VLADIMIR PUTIN
ARCHIVE OF THE OFFICIAL SITE
OF THE 2008-2012 PRIME MINISTER
OF THE RUSSIAN FEDERATION
VLADIMIR PUTIN

Working Day

9 june, 2009 20:07

Prime Minister Vladimir Putin met with Kyrgyz Prime Minister Igor Chudinov during the meeting of the Eurasec Interstate Council

Prime Minister Vladimir Putin met with Kyrgyz Prime Minister Igor Chudinov during the meeting of the Eurasec Interstate Council
“We have signed essential documents on high-tech partnership today. We have similar bilateral projects—mainly in the energy industry.”
Vladimir Putin

Transcript of the beginning of the meeting: 

Vladimir Putin: Mr Chudinov, I am happy to meet with you here in Moscow during the Eurasec meeting. Russian-Kyrgyz relations are developing successfully. Our bilateral trade hit the $2 billion mark last year-but that was one of the fat years. Trade will certainly be on the decline now, to an extent.

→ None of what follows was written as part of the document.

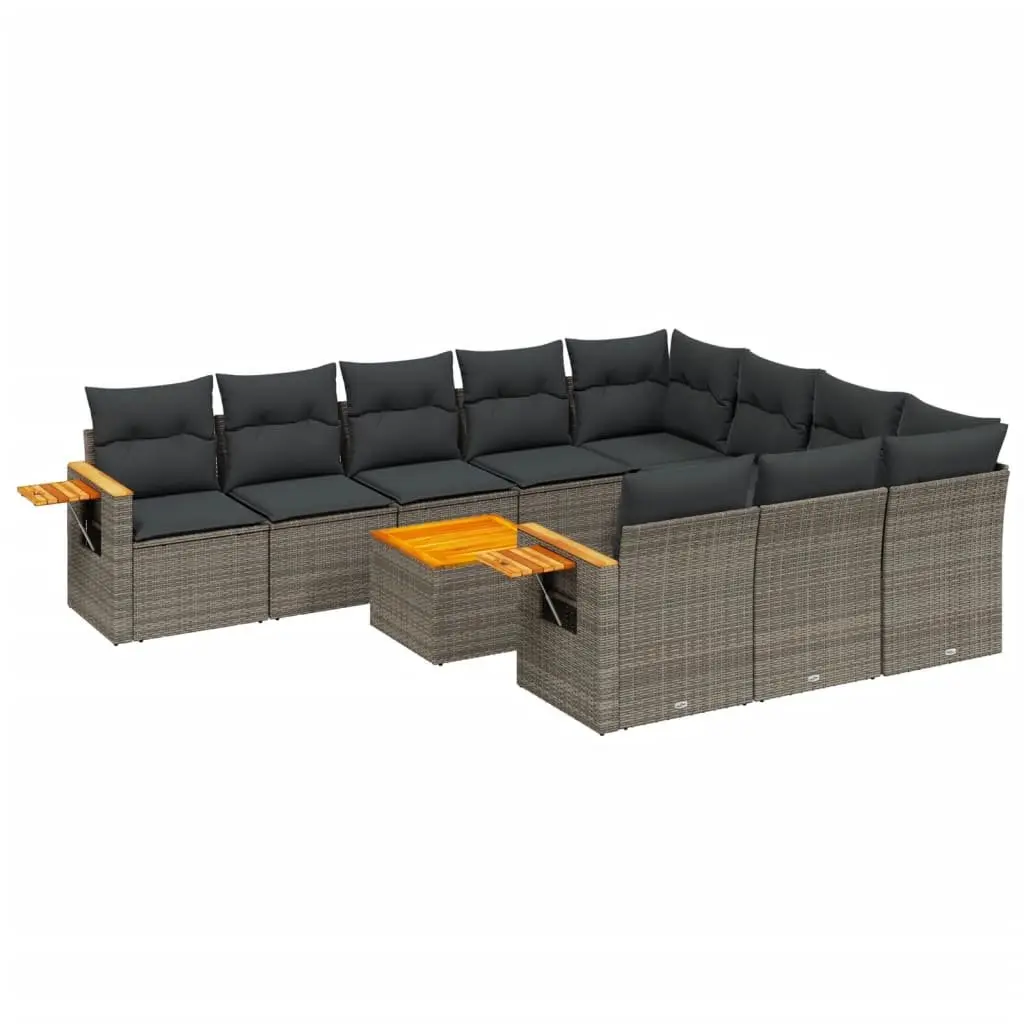 Garden Sofa Set 11 Piece Outdoor Furniture Grey Poly Rattan Patio Seating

However, I see our principal duty in retaining the level of our partnership, reducing the consequences of the global financial and economic crisis to the smallest possible, and arranging our work on ambitious projects in the bilateral format and the multilateral one, in the Eurasec.

We have signed essential documents on high-tech partnership today. We have similar bilateral projects-mainly in the energy industry.

Our financial partnership is also developing. Kyrgyzstan has received a $150 million grant and a $300 million preferential credit. We are determined to implement all our investment plans on major projects. We count on reciprocity and teamwork with our Kyrgyz partners.

Igor Chudinov: Thank you, Mr Putin.

I would like to start with congratulating you from the bottom of my heart on the approaching Russia Day of June 12.

I also want to express satisfaction with the impetus our relations received with the latest visit of Russian President Dmitry Medvedev to Kyrgyzstan, with the signing of the February agreements on the preferential credit and the $150 million grant and, what matters most, with the beginning of practical partnership in the construction of the giant Kambaraty-1 hydropower plant.

This partnership and its practical form were put in doubt-but the establishment of the Board of Directors and the company Board has shown that we can cooperate openly and assuredly in this field, as well. There are no obstacles to such partnership. What matters even more, I think we have shifted the emphasis of our partnership to investment. That is essential. That was the goal we posed at the meeting of the Russian-Kyrgyz Intergovernmental Commission, and we are making progress in this direction.

I want to stress again that Kyrgyzstan is willing to diversify our contacts and no longer limit them to major energy projects. We should come close to partnership in such spheres as agriculture. We have stored sufficient experience in investing in the energy industry, and I think we have an opportunity for close ties in agriculture.

Such partnership would help to preserve the available scope of bilateral trade, and this sphere has a considerable potential.

I would like to discuss all those questions today.